• En lisant L'Effondrement de Zoltán Szabó

    Je termine la lecture de L’Effondrement de Zoltán Szabó, ouvrage publié en deux mille deux aux Editions Exils et sous-titré Journal de Paris à Nice. Zoltán Szabó a vingt-huit ans en mil neuf cent quarante. Il est à Paris grâce à une bourse de chercheur en ethnographie offerte par la France. La défaite de mil neuf cent quarante et la débâcle consécutive bouleversent sa vie. Le voici sur la route avec des millions d’autres civils, dont beaucoup ne savent pas où ils vont. Les précèdent les militaires de l’armée française, en fuite. Lui court après le Consulat de Hongrie. Ses rêves se sont écroulés, il veut rejoindre son pays, y retrouver son enfant.

    L’Effondrement (Journal de Paris à Nice) a paru dès décembre mil neuf cent quarante en Hongrie chez Nyugat. Zoltán Szabó y narre ainsi l’exode :

    Quelle bousculade démente et sauvage où les participants n’obéissent pas à la raison, mais à un instant primitif et impérieux, et ils avancent, ils avancent, peu importe où, n’importe où ! Sans argent et sans but. Ils ne se demandent même pas s’ils vont pouvoir dormir quelque part ni ce qu’ils vont manger. Ils marchent inexorablement, comme les somnambules ou les forcenés, le regard fixe, le visage fermé, exténués, à la chasse de l’essence ou du pain à chaque arrêt, Dieu sait où. C’est une chose insensée et féroce, cette fuite résolue et obstinée, les derniers efforts du corps, quand le cerveau fonctionne à peine mais les muscles et les nerfs continuent à bouger et à sentir.
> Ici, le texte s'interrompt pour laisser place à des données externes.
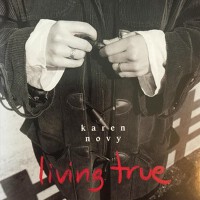 Living True專輯_Karen NovyLiving True最新專輯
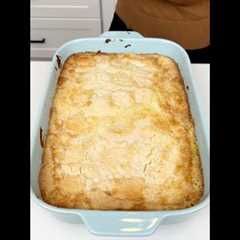 Easy dessert recipes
    Derrière, les troupes nazies avancent. Szabó fait une chute de vélo, il est épuisé mais pas résigné (malgré ma jambe estropiée, je descends pour faire un tour dans la ville). Il croise deux ouvriers en route pour La Rochelle où leur usine s’est repliée :

    Les troupes allemandes stationnent en Normandie. D’après les informations, ils ont déjà occupé Rouen, la ville où les Anglais ont brûlé Jeanne d’Arc. Nous parlons de Rouen. Tous les deux l’ont visité. Ils se souviennent du Gros-Horloge, de la cathédrale, du donjon de Jeanne d’Arc, notre conversation porte longuement sur le gothique flamboyant. Je ressens presque de l’affection pour ces ouvriers qui, morts de fatigue sur la route entre Paris et La Rochelle, après avoir fait deux cent dix kilomètres à bicyclette, à Château-Renault, ont encore la force de venir dans un café pour y parler du gothique flamboyant, du caractère national des Français, d’écrivains morts ou contemporains, de leur camarade hongrois qui est remarquable au travail et un bon compagnon à table, qui est à l’aise parmi eux, les accompagne à Rouen pour visiter la cathédrale et qui parfois, quand le mal du pays le prend, leur parle de saint Etienne ou de Petőfi…

    Il sait que c’en est fini du monde d’hier, que les destructions seront immenses, nostalgique par avance :

    O Lisieux ! Tes minuscules places et tes rangées de maisons, ta petite place triangulaire avec sa calme fontaine, ton église Saint-Jacques, vétuste, non restaurée et majestueuse ! Dans la cathédrale, le banc habituel de la petite Thérèse ; au loin, en haut, les collines vertes de Normandie, dans tes vieilles rues un antiquaire, puis, sur une place de poupée, L’Auberge de la Petite Marquise abritant dans ses chambres des cheminées grandes comme des portes.

    Après la guerre, Zoltán Szabó revient en France comme attaché culturel de la légation de Hongrie à Paris. En mil neuf cent quarante-neuf, il démissionne pour protester contre le stalinisme qui s’installe dans son pays où il ne retournera jamais. Il devient correspondant culturel de Radio Free Europe à Londres puis revient en France finir sa vie à Josselin dans le petit presbytère face au château des Rohan, à côté du cimetière où il est enterré.

    J’ai un nouvel ami mort, à qui j’irai dire bonjour lors d’un prochain vagabondage en Bretagne.

    *

    Elle me raconte qu’elle est allée chez Hippy Market à Paris et que le prix des frusques y est bien plus élevé qu’à Rouen : « Je vais voir le vendeur en lui disant qu'à la boutique de Rouen c'est plus que deux fois moins cher, il me répond :"chuuuut !"... »

    *

    C’est l’année du Tigre. Je me demande ce que devient Chyi, étudiante à Pékin, avec qui j’ai tant correspondu par mails et par lettres jusqu’à ce que son copain jaloux lui interdise de m’écrire.